Excellent post Leslie and it has generated a very powerful discussion which I have read with interest. I do think it is important to record the deeds of good Germans. This is because young Germans - who had nothing whatsoever to do with the Nazis - need these stories to give them hope that not all Germans behaved the same way. I have had the opportunity to point the way to young Germans towards some of these stories and they find this supportive and helpful. This is not to negate Nazism but to show that there were many different responses.
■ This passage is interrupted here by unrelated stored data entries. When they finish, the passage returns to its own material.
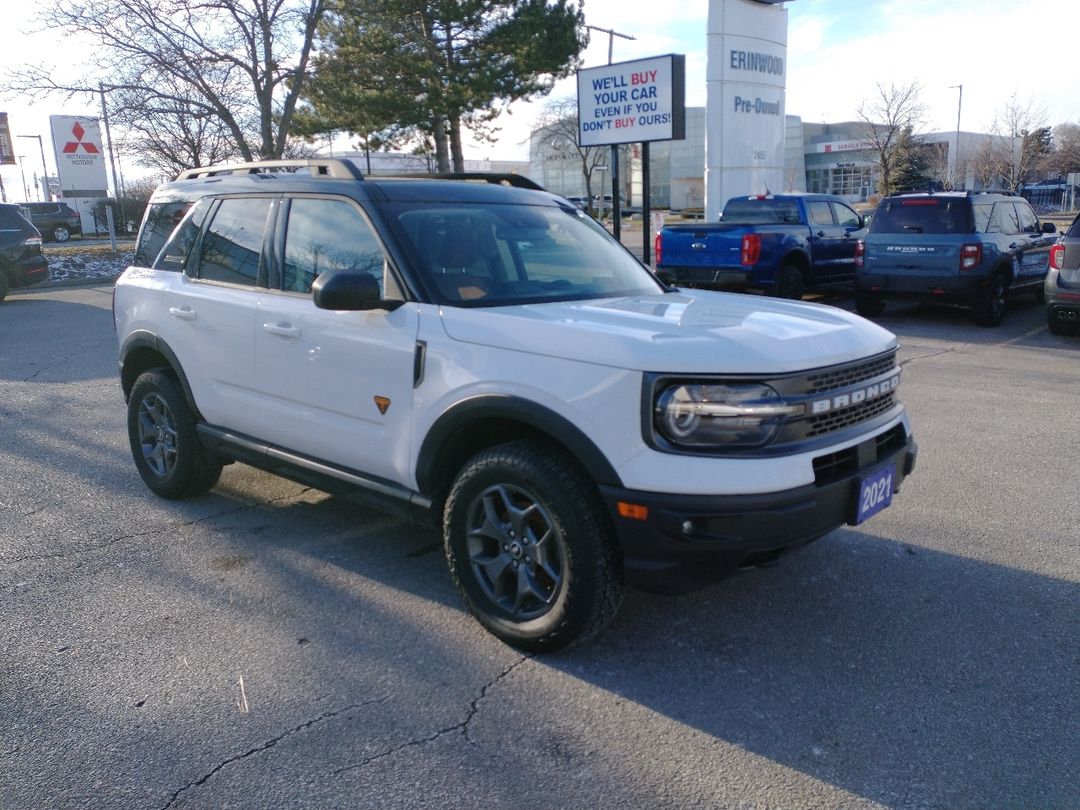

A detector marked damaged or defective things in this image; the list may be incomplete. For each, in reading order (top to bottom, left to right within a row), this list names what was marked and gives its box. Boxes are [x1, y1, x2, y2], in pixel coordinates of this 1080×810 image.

crack in asphalt [3, 492, 315, 565]
crack in asphalt [158, 699, 388, 810]
crack in asphalt [330, 656, 529, 777]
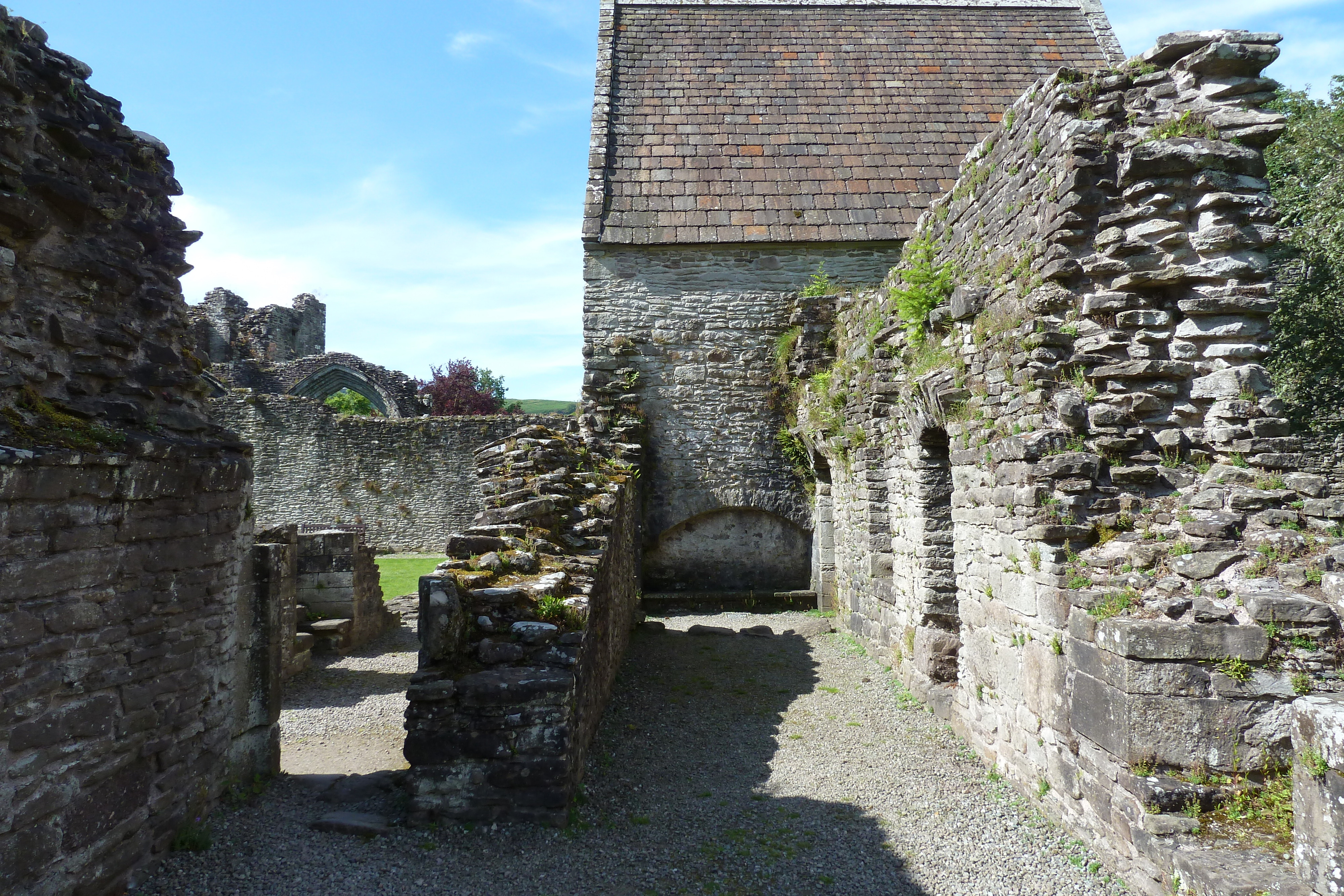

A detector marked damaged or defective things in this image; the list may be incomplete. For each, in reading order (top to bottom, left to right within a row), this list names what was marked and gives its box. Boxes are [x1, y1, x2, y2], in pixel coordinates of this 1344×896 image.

broken wall stub [0, 15, 277, 896]
broken wall stub [212, 392, 559, 553]
broken wall stub [398, 424, 640, 822]
broken wall stub [581, 246, 903, 591]
broken wall stub [790, 30, 1339, 896]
There is this deep fascination with the Nazis in the UK. I think it stems from much more than arrogance and pride. Perhaps it is more of a landmark in British history where you can see the end of empire and the society that created it. The rigidity of the class structure gave way to socialised medicine and education and British people experienced a social mobility that was beyond the expectations of previous generations. Bombs did not discriminate between rich and poor, we were really 'all in it together'. So yes, it is looked back on with some swollen pride and jingoism of the small island standing alone against a mighty foe, but it is far more important to remember it as the catalyst of change that made modern Britain.
I found this very interesting and informing. I took sudden great interest in the Goebbels children, and especially Helga. I was wondering, why was she struggling? Was it because she wanted to live, or did she just didn't want to die in her mother's hands? We will never know, but it was nice to see in your perspective and theory. A very high-quality blog; we need more of these on Internet.
Thank you!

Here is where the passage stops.